Moreover, given that FATCA has attracted the mainstream media’s attention — which could increase the appetite for public interest advocacy and charter litigation — the Department of Finance is likely aware that any legislation implementing a FATCA IGA could be the subject of a constitutional challenge, Banks said.
If Canada did sign an IGA under the terms of the model IGA, it’s possible the implementing legislation could be tied up for years in the Canadian courts, Banks said. “This is going to be important to a significant number of people who are resident in Canada, and one could easily imagine that there would be Charter litigation,” he said. “And that could take years to unfold.”

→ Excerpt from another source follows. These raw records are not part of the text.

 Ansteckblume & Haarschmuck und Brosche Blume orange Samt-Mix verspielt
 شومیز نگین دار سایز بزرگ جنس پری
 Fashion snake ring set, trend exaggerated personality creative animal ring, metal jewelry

An interesting issue, Banks said, is whether a constitutional challenge would be brought by an individual or by a group via public interest litigation. “Whether a court would give the group standing to do that is a big question,” he said. “You can imagine that U.S. citizens living in Canada who might be the subject of this litigation may be reluctant to bring a claim in their own name. So we’d have to wait and see whether a court would grant a public interest group standing to bring the claim instead.”
If a legal challenge were brought, Banks said, another interesting issue would be whether the individual or group that brings the claim seeks a stay of the application of the IGA implementing legislation until the case is fully heard. “That would be very much an uphill battle, but they could seek a stay,” he said.Battle of Wills
Since the U.S. and Canadian governments’ November 2012 announcements that they are negotiating an IGA, neither side has made a public statement on the status of those negotiations. Asked whether the Canadian government is reviewing the IGA framework for possible constitutional violations, a Canadian Department of Finance official told Tax Analysts on May 24 that the department continues to work with its U.S. counterpart to develop an approach that both countries will find agreeable, and hopes to conclude an agreement soon.

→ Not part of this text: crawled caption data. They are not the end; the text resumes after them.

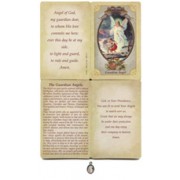 Guardian Angel Prayer Card with Small Medal cm.8.5x 5.5 - 3 1/4"x 2 1/4" 
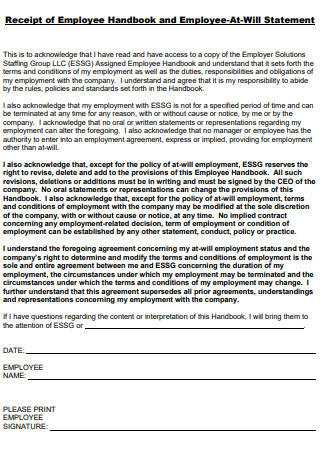 Receipt of Employee Handbook and Employee At Will Statement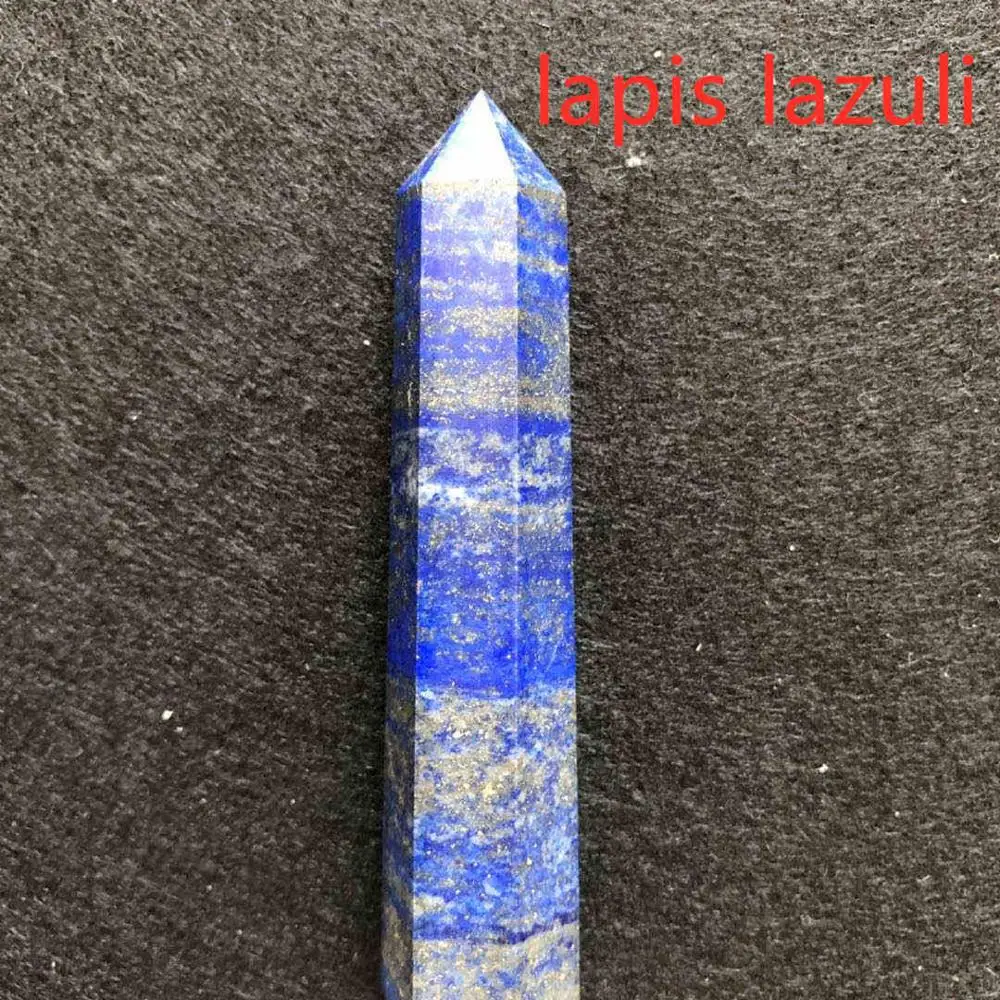 lapis lazuli 24 камень точка набор башня Wicca Исцеление Кристалл шестиугольник природные минералы волшебная палочка домашний декор аметист розовый кварц - Цвет: lapis lazuli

The official said the department does not comment on the substance of ongoing negotiations.
What if Canadian officials follow Hogg’s advice and demand that the due diligence procedures be narrowed to focus only on U.S. residents, rather than U.S. citizens? In short, a battle of wills. Treasury officials have repeatedly said that the model IGAs are just that — a model — and that the U.S. will not negotiate customized IGAs to address a jurisdiction’s particular concerns.
“The really hard case would be if Canada were to conclude that it constitutionally cannot give this information, in which case the U.S. would be faced with a very hard choice as to whether or not it agrees to a significant departure from the due diligence procedures, or it simply says, ‘We just cannot have an IGA with Canada,'” said John L. Harrington, a former Treasury international tax counsel now with Dentons. He stressed that he has no personal knowledge of the Canada-U.S. IGA negotiations and is only speculating.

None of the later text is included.